Problem details>
Leave out the pictures and repeat exactly the lines from the one containing "(Pamphlet) Collection of" through the end of the records.

##### Information supplied #####

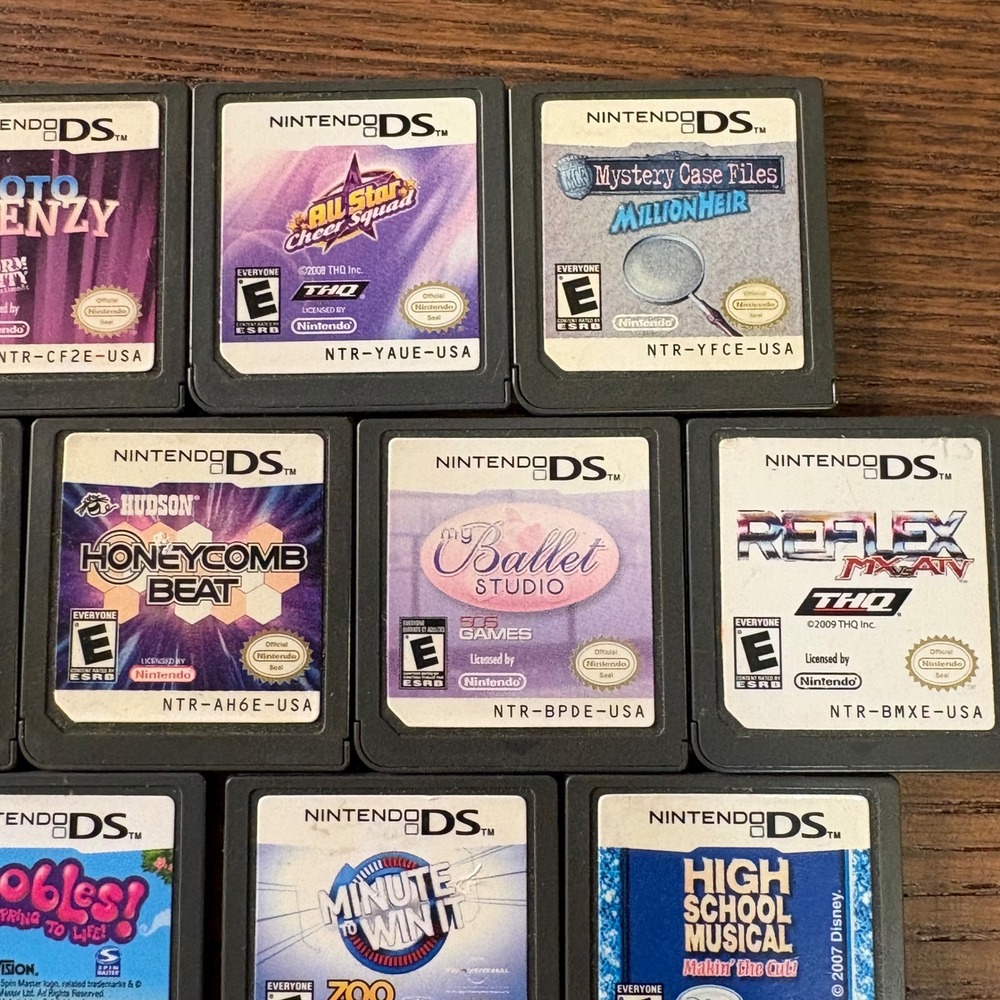 Nintendo DS Game Lot‎ 16 Games Bundle Mixed Genres Kids Family Good Condition - Picture 3 of 7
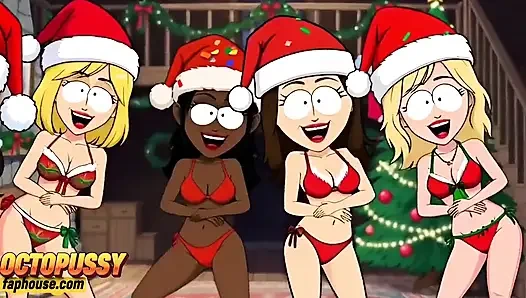 Секс-вечеринка со шлюшками в лагере Хрустальное озеро, Мультфильм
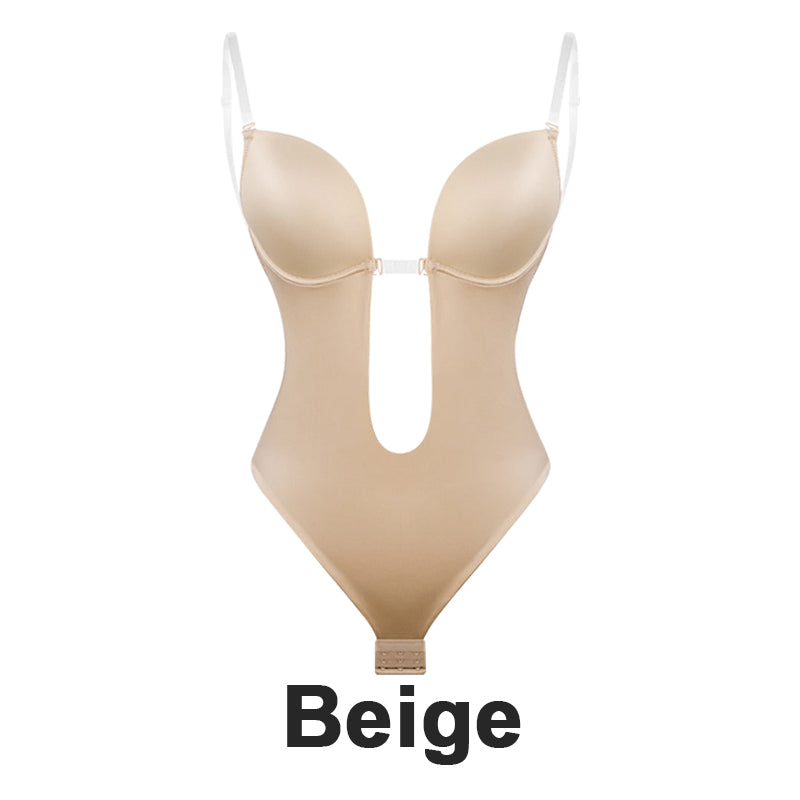 Strapless U‑Plunge Thong Bodysuit - Sleek and Flattering Fit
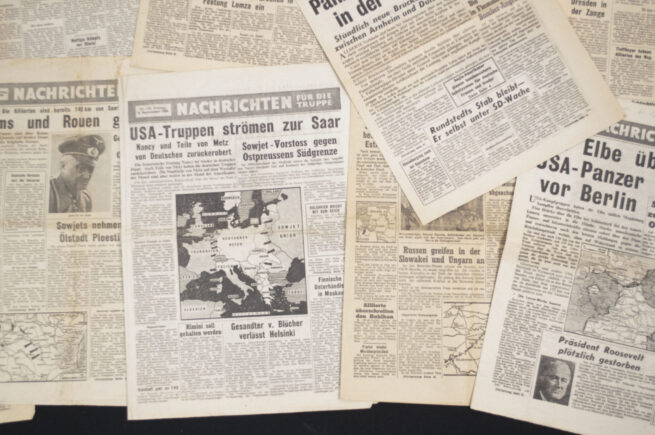 (Pamphlet) Collection of 13 editions of Nachrichten für die Truppe PamphletsNewspapers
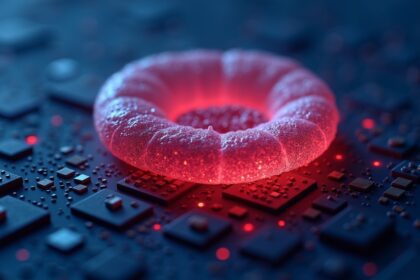 Taiwan manufactured computer chips so small that one million transistors fit on a single human blood cell surface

#####

Exercise response>
 (Pamphlet) Collection of 13 editions of Nachrichten für die Truppe PamphletsNewspapers
 Taiwan manufactured computer chips so small that one million transistors fit on a single human blood cell surface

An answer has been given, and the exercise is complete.